The paper is also not very well written. It’s very hard to understand on a first reading what the exact contributions are. In the abstract and intro, there is no intuitive explanation for what local and global features are used. The triplet loss is not intuitively explained.

Overall, the paper addresses an important problem, but it’s unclear if the proposed contributions actually help improve pose estimation.

The intro could be re-written to make the contributions sharper. It would also be useful to differentiate from previous work.

Reviewer 2

The submission introduces regularization terms for 6DoF object pose estimation.

The technique is interesting and the results seem promising.

I think the weakest part is the exposition, especially Sec. 2. I suggest the authors have a figure and a paragraph setting the context and showing the notation and then briefly talk about the main idea. That figure could also be referenced from the introduction to illustrate the ideas the authors started from.

Reviewer 3

The authors have targeted 6DoF object pose estimation from a single RGB image. They have proposed two extensions to the prior work that works on finding correspondences between 3d and 2d keypoints. First extension involves incorporating pairwise features extracted from pairs of correspondences. Second extension involves incorporating triplet loss on features extracted for keypoints. These two terms enforce local and global constraints to the prior work.

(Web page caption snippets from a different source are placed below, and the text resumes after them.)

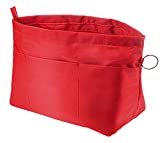 Vercord Purse Organizer Insert Bag Tote Handbags Pocketbook Inserts Organizers Zipper 11 Pockets Red Small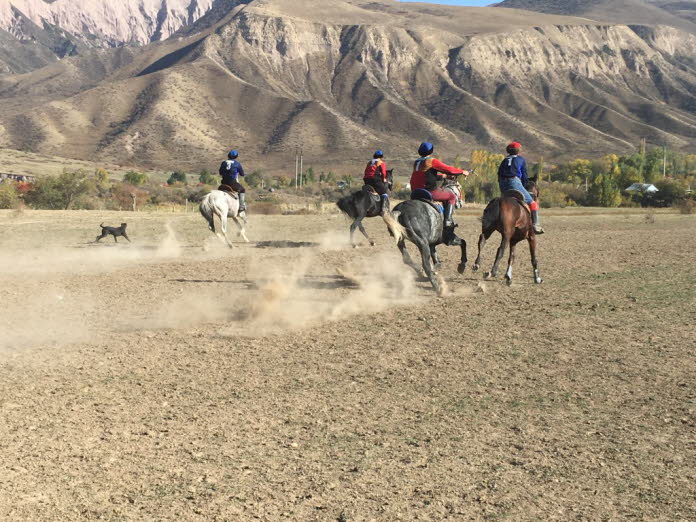 Das kyz kuu, lokal Kyz Kumai genannt , ist auch ein beliebtes Reitspiel (und romantisch), bei dem ein Reiter und ein Reiter ber eine Distanz von 300 m gegeneinander antreten.  Die Herausforderung besteht darin, dem Mann das Recht zu geben, einer Frau ein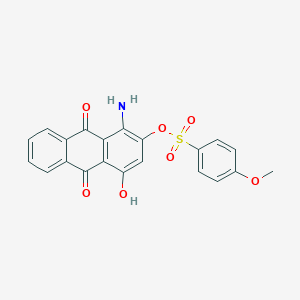 molecular formula C21H15NO7S B097600 1-Amino-9,10-dihydro-4-hydroxy-9,10-dioxo-2-anthryl 4-methoxybenzenesulphonate CAS No. 16517-83-2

Overall the work proposed two extensions to the prior work. The experiments have been conducted on the Occlusion Linemod dataset which is a very popular and challenging benchmark dataset for object pose estimation. Their approach achieves large improvement on this dataset. They have also done ablation studies to show improvement after adding each component.

Reviewer 4

I feel that the method is not very well explained. The paper assumes that the reader knows [9] really well, but this may not be the case for many readers. I suggest having at least a few sentences giving a very high level overview of [9], since it’s very crucial to understanding this paper. The use of terminology is quite confusing. In particular, the use of the word ““correspondence”” to describe the 4D vector on line 52 will confuse many readers, since a correspondence in this setting typically refers to a matching between a 2D point and a 3D point. I understand that the 4D vector points towards a 2D image point, which in turn corresponds to a 3D point. Thus I know why you are calling it a correspondence. However, this is all very hard for the typical reader to decipher if you do not provide some more background material.

Otherwise the results are fairly interesting. They show that the learned approach can outperform RANSAC-based approaches.